Crystal Allen: Well, after I moved to Denver with Ben I was working in a doctor's office as an X-ray tech -- because that was kind of like taking pictures. With encouragement from Ben, I quit that job and began working at Wolf Camera on the 16th Street Mall. But that only paid like six dollars an hour, so I got a second job at Comedy Works. And that completely shaped the kind of work I do now.
I was taking random photos of comedians with the soda boxes.... I've always had a thing for baking soda. I clean with it, I used to brush my teeth with it. I just like the taste of it. And one year I wrapped up all these little boxes of baking soda and gave them as Christmas presents, and I began taking pictures of them with it. And the more it went on, people got more creative with the pictures. Then they started giving me gifts of Costco- size bags of baking soda, and made costumes as baking soda boxes. I have a whole little baking soda museum of things people have made me.
Yeah, I started with the baking soda project. And then no one had any money to pay a photographer [for publicity shots], and they'd be like, "Hey, you're a photographer, I'll throw you twenty bucks if you wanna take some pictures of me." I took a lot of pictures of Chuck Roy and Josh Blue. Then I started doing it more and more, and since comedians are so creative, it became a really good partnership.

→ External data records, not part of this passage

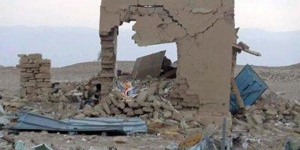 طيران العدوان يشن غارات على مدينة براقش التاريخية بمأرب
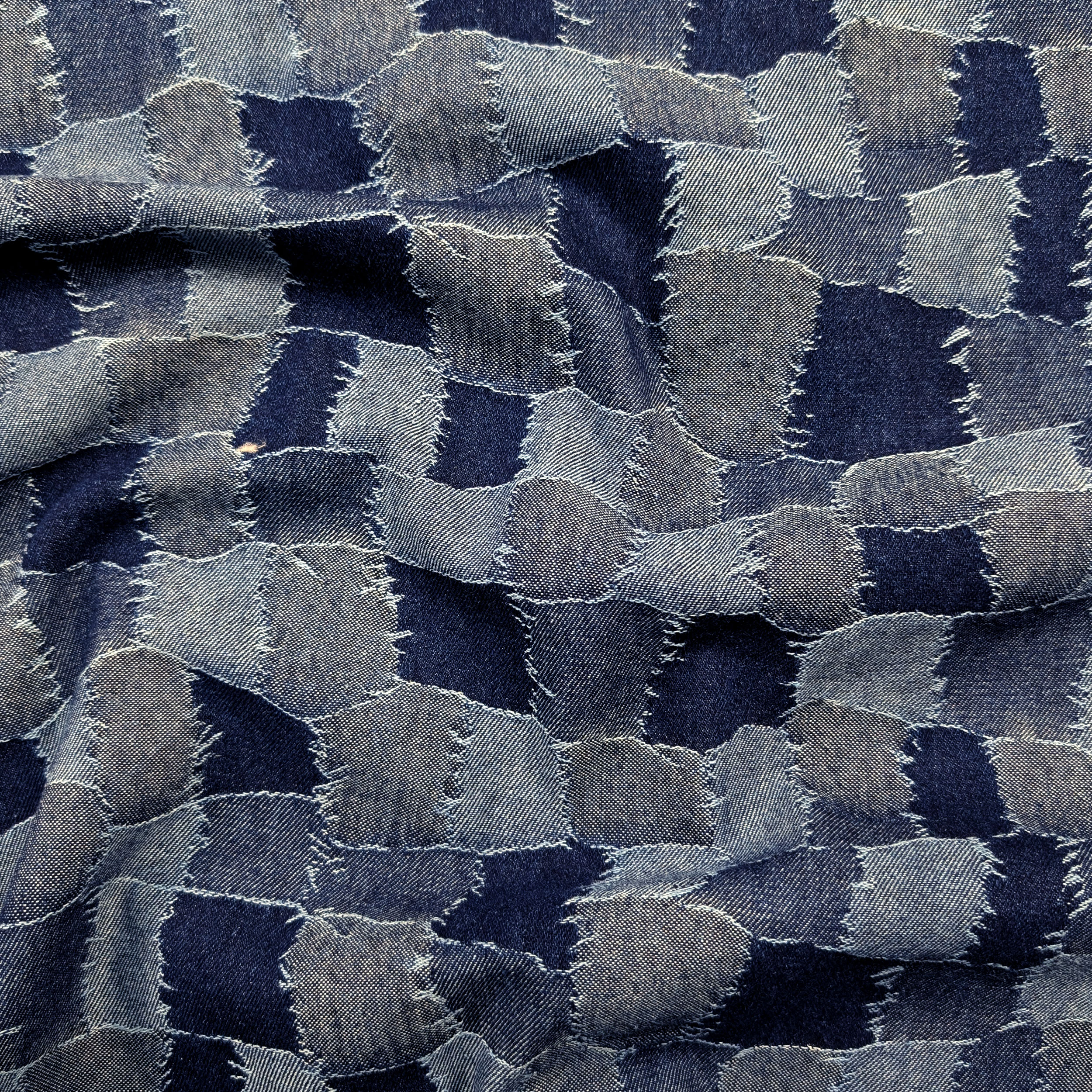 Fashion Patchwork Jeans Image
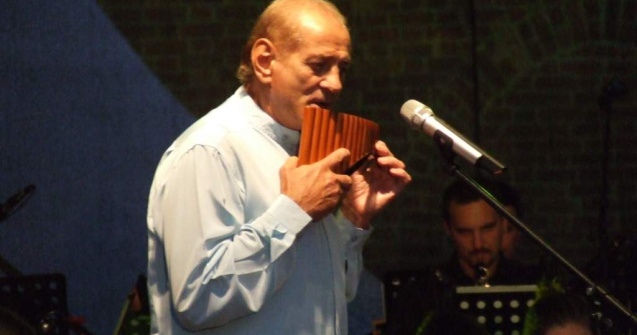 Gheorghe Zamfir canta pentru Sorin Oprescu. La Roma!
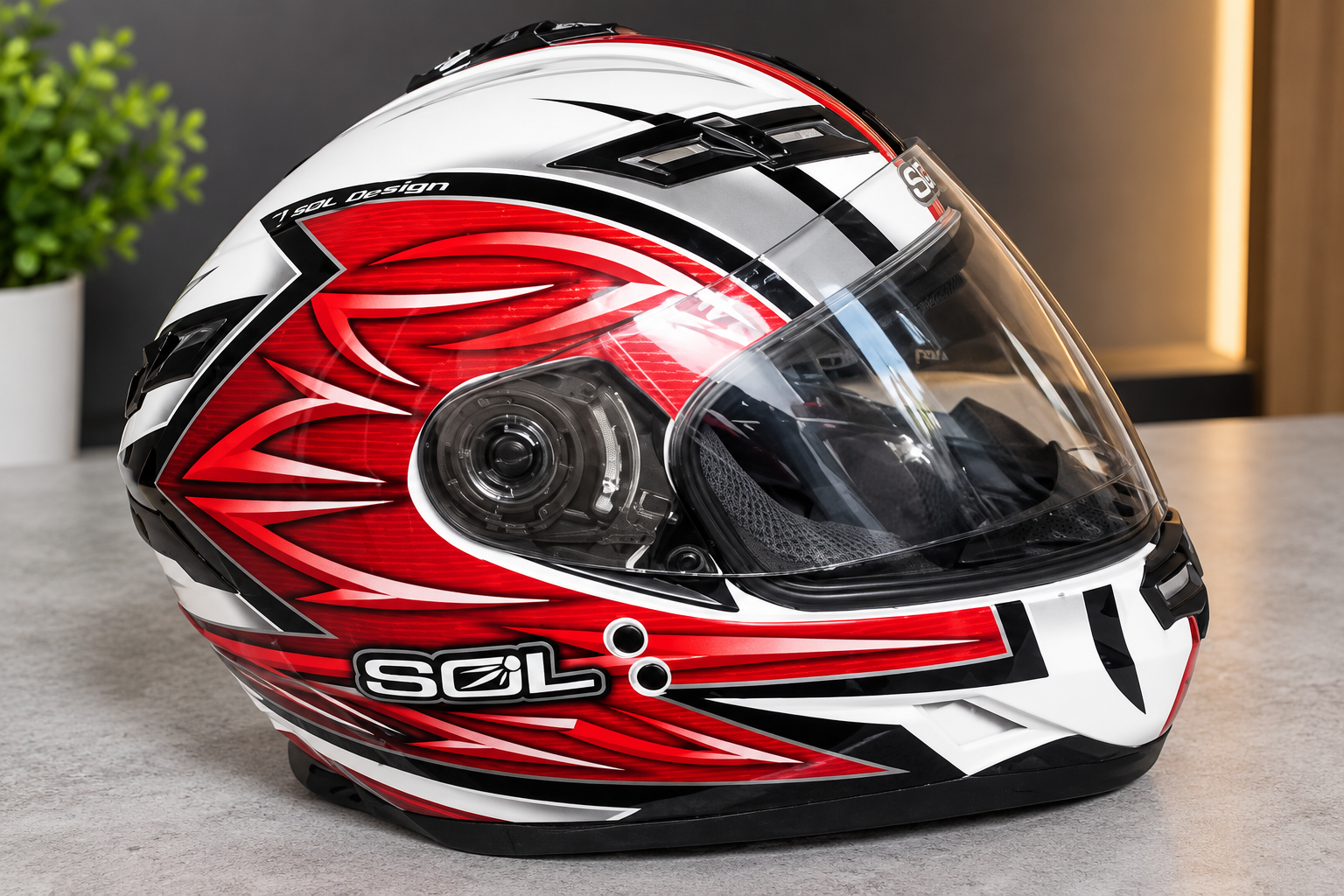 SOL SF-1 Helmet DOT Certified – Size L
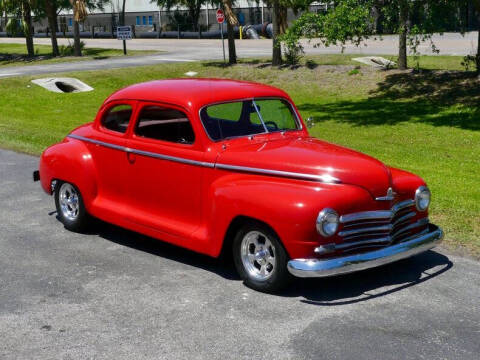 1948 Plymouth Deluxe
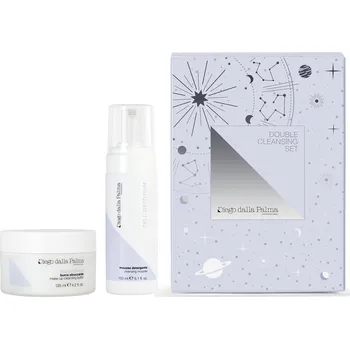 Kosmetická sada Diego dalla Palma Dárkový kit Cell-Detoxium II. Čisticí máslo a čisticí pěna
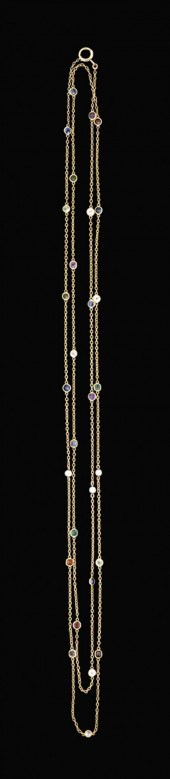 Gem set "diamonds by the yard"
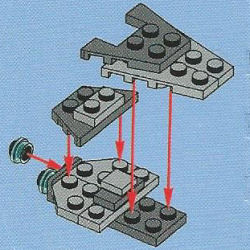 75245 LEGO Star Wars Advent Calendar - Instructions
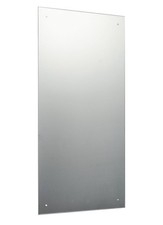 90 x 45cm Frameless Rectangle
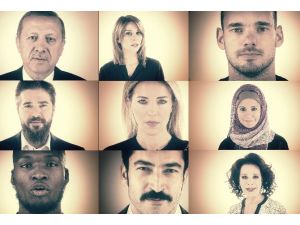 Erdoğan Ve Ünlüler Kadınlar Günü İçin Kamera Karşısına Geçti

So many comedian publicity shots have a kind of senior portrait feel. It's like they're selling them on bland sexiness, instead of humor. But that's what I like about your work -- you bring out the personality of the comic. Do you often go into a shoot with a clear idea of what to do, or is it more of a collaborative process?
It often depends on the comic. Some people have no idea, and then I have to pull it out of them. But usually I'll ask them to do a little of their material while I'm shooting and then they get into their comedian persona.
Crystal Allen Kelly Maclean.
But I have to say, some ideas they have are terrible. Like, they'll want to do a photo with their jokes spelled out behind them. So my job is to kind of reel it in and simplify their vision. The idea is to capture their persona in the most simple way possible.
Because they're word people, and you're more of an image artist. So I imagine you have to find some common ground between the two.
Exactly. But if you start jumbling those two things up too much, it's not going to translate well. So the idea is to capture their personality in the most simple way possible.
When you work with comedians, how often have you already seen them perform before you begin the photo shoot?
When I worked at Comedy Works and was more in the scene, I'd already be aware of them. Nowadays I'm getting way more comics that I've never seen before. Usually I'll ask them for a YouTube video, or at least talk to them about their comedy and what they talk about on stage.
So it's important for you to not only capture their personality, but their comedic style and comedic content in the photos?
Yeah, and I think when you watch someone perform you get a sense of what they would or wouldn't be comfortable with doing in photos. If a comedian does more physical humor, you wouldn't photograph them being moody or dark. You want it to fit who the person is.
Do you ever get requests from comedians that are just too wild or too large a scale to even accomplish?
Yes, especially the comics who smoke a lot of weed. I get the craziest ideas that are just so far out there.
When a model is stoned during a photo shoot, does that mess with getting them relaxed and natural?
It depends on the comedian. Some of them smoke so much they become more at ease when they smoke. But wirh most people, it's not a good idea. With photographs you want their eyes to be clear.
Crystal Allen Ben Kronberg.
Putting people at ease is probably 80 percent of my job. Now that I know the craft and know how to work with lighting and setting things up, I don't even have to think about it. But the interaction with the people is the real work. Especially with comedians, because they're very fragile human beings. Which you might not expect. They can be very self-conscious people; as you know, most comedy comes from that place. So a lot of my work is finding that balance, giving them enough self-confidence. They need to feel like they're the funniest person in that room.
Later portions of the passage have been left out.